A Fígaro le gustaba ir a ver al pintor. Vivía solo con sus imágenes de éxtasis, en un cuartucho miserable al fondo del pasillo. Cuando llegaba a la puerta, tarareaba Purcell –era su contraseña secreta- y el pobre pintor (flaco, desnutrido, con los ojos enormes y delirantes) descorría el visillo. Conversaban durante un rato por la rendija, mientras podían, antes de que el pintor echara a llorar y golpeara los escasos muebles que le quedaban.
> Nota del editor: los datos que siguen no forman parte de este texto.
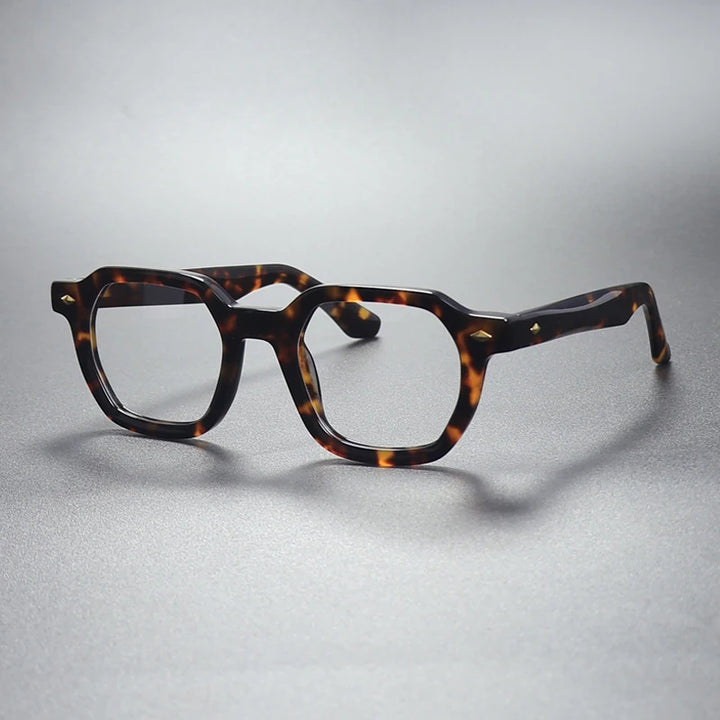 Gatenac Unisex Full Rim Flat Top Polygon Acetate Eyeglasses Gxyj1501 Full Rim Gatenac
Al principio Fígaro intentó intervenir de algún modo; lo consoló, le ofreció su ayuda. Pero el pintor era un genio, y los genios solo hablan con Dios y consigo mismos. Este singular número primo le caía bien a Fígaro; simplemente aceptó que los habitantes de las buhardillas estaban más allá de todo lo cognoscible. No intentó integrarse, pese a que le ofrecieron que se quedara bajo las claraboyas. Al fin y al cabo, no podían estar mejor sintetizados ya: ellos vivían en la casa, y Fígaro se había convertido en la casa.

Cuando las jornadas terminaban, bajaba la escalera despacio, con cuidado de no tropezar con Bóreas airado ni de desvelar el sueño del Sol. A veces se sentaba al lado de la chimenea –cuando parecía que los muebles estaban cansados, las lámparas correctamente vivas y la tormenta dejaba de ensañarse con su salón decimonónico- y se concentraba en la ventana. Pensaba, pero quién sabe lo que pensaba. Puede que soñara con abrir la puerta de la calle y respirar (¡una vez!), colgar las llaves y descuidar los quinqués. Era completo, se tenía a sí misma y a una gran capacidad de libre albedrío. Pero después pensaba en su juramento, en el cumplimiento para con su comitatus individual e intransferible.

¿Quién guardará la luz si yo me voy?